What’s interesting about that list is that none of those institutions was a vanilla-variety bank, the kind that takes in government-insured deposits and makes consumer and business loans. But that’s not because such banks avoided the crisis. Citigroup was recapitalized by the Treasury Department and lives on as the shining example of the bank that is too big to fail. Wachovia was saved from insolvency by an 11th-hour takeover bid by the much healthier Wells Fargo. And Washington Mutual, facing huge losses from risky mortgage lending and a run by depositors, became the biggest bank failure in U.S. history, taken over against its will by the federal government and quickly sold to JPMorgan Chase.
(Simon & Schuster) - 'The Lost Bank: The Story of Washington Mutual-The Biggest Bank Failure in American History' by Kristen Grind
For anyone who still believes the banking industry’s fantasy that it was only Wall Street sharpies who caused the financial crisis, the refutation can now be found in Kirsten Grind’s “The Lost Bank,” which chronicles the rise and fall of Washington Mutual. As a reporter for the Puget Sound Business Journal, Grind spent the better part of two years covering the demise of the giant Seattle savings and loan and building a network of sources inside the organization. Expanding on that reporting, Grind, now at the Wall Street Journal, has produced a compelling case study of corporate incompetence and of how regulators are politically captured by the businesses they are meant to oversee.
“The Lost Bank” is largely the story of the overweening ambition and willful blindness of WaMu’s longtime chief executive, Kerry Killinger, who through a flurry of bold acquisitions turned the well-run local thrift into a national banking powerhouse. Unfortunately, the sophistication and competence of WaMu’s management did not keep up with its ambition, to say nothing of the size and complexity of its balance sheet.

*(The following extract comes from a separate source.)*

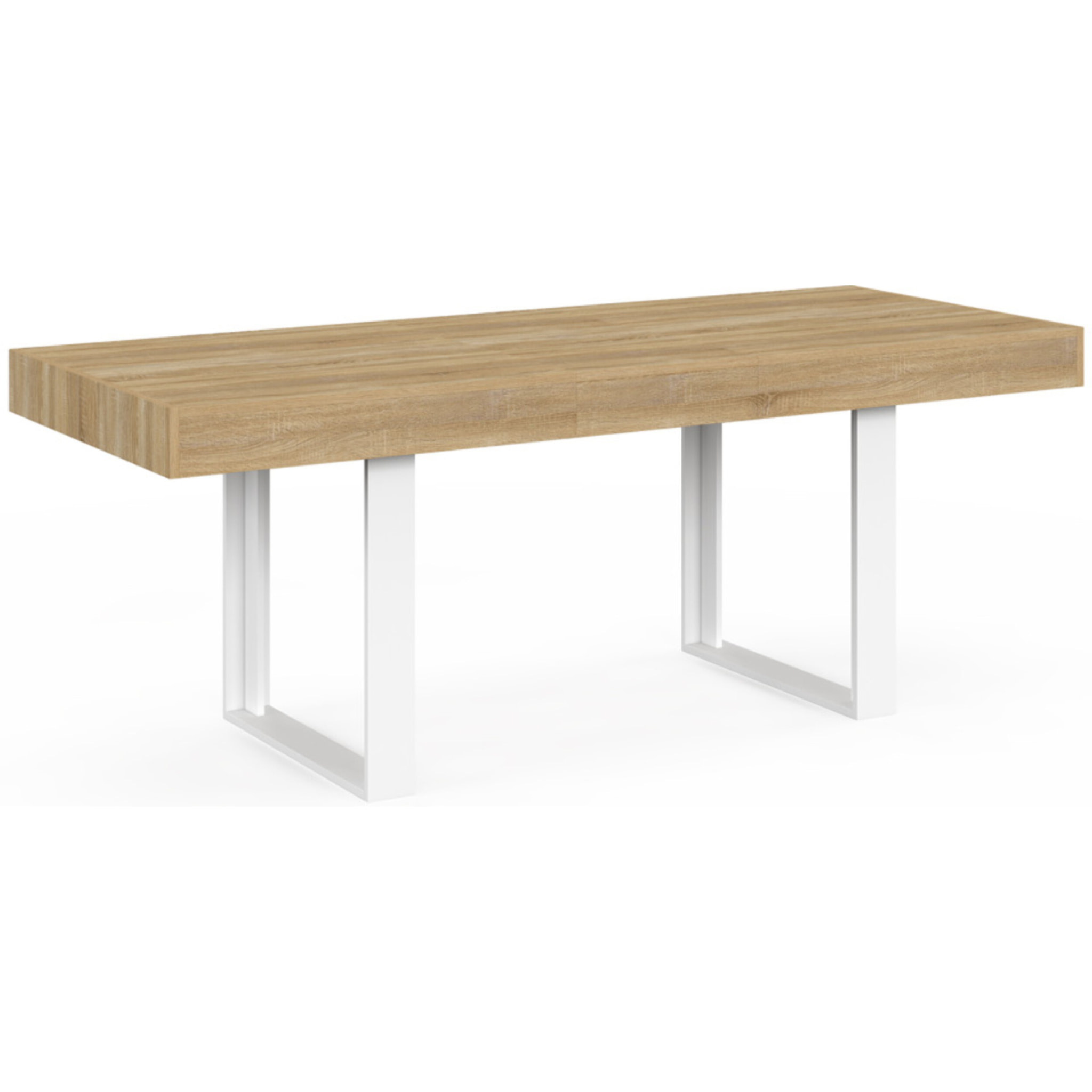 Table à manger extensible Brixton bois et blanc 120-160cm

By the time the housing bubble was in full swing, a large portion of the bank’s profit growth, so admired on Wall Street, was coming from what amounted to sleazy boiler-room lending operations run by commission-soaked sales executives. That growth was fueled by a long-running marketing campaign — “The Power of Yes” — that came to define the bank’s culture and establish it in the minds of consumers as the lender that never said no.
Grind demonstrates that, time and again, subordinates warned Killinger about ridiculously risky lending practices, poor mid-level management, inadequate information systems and risk-management controls — even widespread fraud. And time and again, Killinger failed to take interest in these problems or insist that they be fixed. His way of dealing with them was to refuse to acknowledge them for as long as possible and then declare that they had been dealt with, eventually cutting himself off from anyone who insisted on bringing them up.